What are the bioscience and biomed workforce trends and training opportunities in the Greater New Orleans area?
A gap surplus analysis of the bioscience and biomedical workforce in New Orleans was commissioned by the New Orleans BioInnovation Center on behalf of the BioDistrict in October 2009. The study was funded by a grant from the Baptist Community Ministries foundation. The final report will not be available in April 2011, but the preliminary analysis of existing workforce data conducted by Research Edge can be viewed in here.
What are the projected economic impacts of the BioDistrict?
Consultants from GCR & Associates, Inc. have conducted research and prepared reports on the demographic and economic baseline of the BioDistrict in 2010 and the BioDistrict’s projected economic impact in terms of direct and indirect job creation as well as tax revenue.

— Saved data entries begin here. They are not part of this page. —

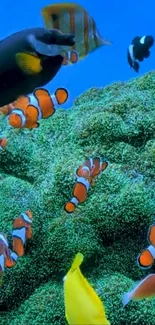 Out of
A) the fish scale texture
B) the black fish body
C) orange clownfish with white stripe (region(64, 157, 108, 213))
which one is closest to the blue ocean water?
the fish scale texture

The purpose of these Demographic And Economic Baseline Report is two-fold. First, it provides the BioDistrict and its partners with credible indicators of current demographic and economic data with which to analyze public and private investment opportunities, programmatic initiatives, and market potential. Secondly, is serves as a benchmark to measure the ongoing impact of the growth of the biosciences industry on the District’s population, demographic composition, economic competitiveness, and real estate dynamics. Five, ten, or twenty years down the road, the most cogent and concise way to analyze the effects of the BioDistrict’s efforts will be to compare those future conditions to the 2010 starting point.
The primary purpose of the Economic Impact Study is to present the substantial job creation and tax revenue which will result directly from current development within the BioDistrict (LCRC, VA, UMC). The secondary purpose is to compare local developments to existing bioscience and medical research clusters throughout the nation and thereby illustrate the growth of medical research as a major industry within a local community and the economic importance of the industry to the community.